There are some professions, notably medicine and teaching, that I know of, where knowledge or suspicion of high likelihood that “a crime has been committed against a victim who cannot speak for himself or herself” (such as a minor or a mentally or physically incapacitated person, and evidence as displayed by the victim’s demeanor or physical appearance to the doctor / nurse or teacher) must be reported to relevant authorities, but that still has more to do with the profession itself, I believe. I don’t think that in those cases it is a criminal act not to report the crime. There may be professional sanctions applied, even as far as loss of a job or loss of a “license to practice” the profession (in a particular jurisdiction), but whether a criminal case could be made against the witness (assuming the witness isn’t also a participant in the crime!) is doubtful.

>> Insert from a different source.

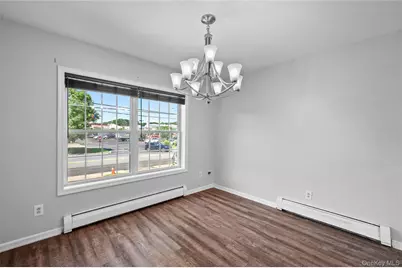 5 Welcher Avenue, Peekskill, NY 10566 - Photo 11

There is a strong tendency for prosecutors to browbeat people into “doing their duty” to report criminal offenses, with attempts to use the law as a hammer (as noted by other respondents above), and there may be cases that are so cut-and-dried where it’s only questionable whether the reluctant witness was actually a knowing perpetrator of the crime or was somehow duped or coerced into silence, but still has full knowledge of the crime. But for most people, who may only have “strong suspicion” that a crime has even been committed – or that a particular crime was committed by someone known to the “witness” – the prosecutor’s problem with trying to enforce laws against aiding and abetting is proving to a jury “what someone knew”. Who can make the case against another that “he knew such-and-such”?
Even if you tell me face-to-face that you have committed a crime, for example, it’s easy for me to present from my own side of that conversation that I didn’t understand what you had said, thought you were joking, were being hyperbolic or overly dramatic, or were making some other point through metaphor, for example. And that’s assuming that I don’t make the bald assertion that I simply didn’t hear you or didn’t get the message in the first place. How can you prove otherwise? More to the point, how can a prosecutor?
Laws like this, if they exist at all, are somewhat counter-productive to real civil society, I think.